__PROMPT__: Each line of the records that includes "Used" should be found and copied.

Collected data
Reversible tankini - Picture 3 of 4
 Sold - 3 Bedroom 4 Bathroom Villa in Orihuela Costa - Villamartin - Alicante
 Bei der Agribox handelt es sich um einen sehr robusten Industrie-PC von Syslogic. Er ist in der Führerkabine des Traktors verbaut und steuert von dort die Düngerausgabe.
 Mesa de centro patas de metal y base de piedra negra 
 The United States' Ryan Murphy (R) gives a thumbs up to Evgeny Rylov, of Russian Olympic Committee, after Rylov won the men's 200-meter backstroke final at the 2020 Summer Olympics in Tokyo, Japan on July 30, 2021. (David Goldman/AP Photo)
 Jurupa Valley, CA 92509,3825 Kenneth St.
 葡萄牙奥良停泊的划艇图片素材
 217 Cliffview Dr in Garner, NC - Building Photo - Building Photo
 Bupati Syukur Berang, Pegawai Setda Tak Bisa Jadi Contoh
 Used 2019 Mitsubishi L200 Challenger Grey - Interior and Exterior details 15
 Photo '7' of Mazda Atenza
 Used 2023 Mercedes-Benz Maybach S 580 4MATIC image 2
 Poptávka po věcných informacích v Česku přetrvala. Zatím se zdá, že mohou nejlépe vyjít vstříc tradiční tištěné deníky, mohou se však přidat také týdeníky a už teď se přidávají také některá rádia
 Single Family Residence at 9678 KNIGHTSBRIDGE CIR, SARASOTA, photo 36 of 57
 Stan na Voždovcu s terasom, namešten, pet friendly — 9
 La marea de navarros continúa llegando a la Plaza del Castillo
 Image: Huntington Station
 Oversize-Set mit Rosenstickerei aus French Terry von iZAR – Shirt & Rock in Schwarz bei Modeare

__YOUR RESPONSE__:
 Used 2019 Mitsubishi L200 Challenger Grey - Interior and Exterior details 15
 Used 2023 Mercedes-Benz Maybach S 580 4MATIC image 2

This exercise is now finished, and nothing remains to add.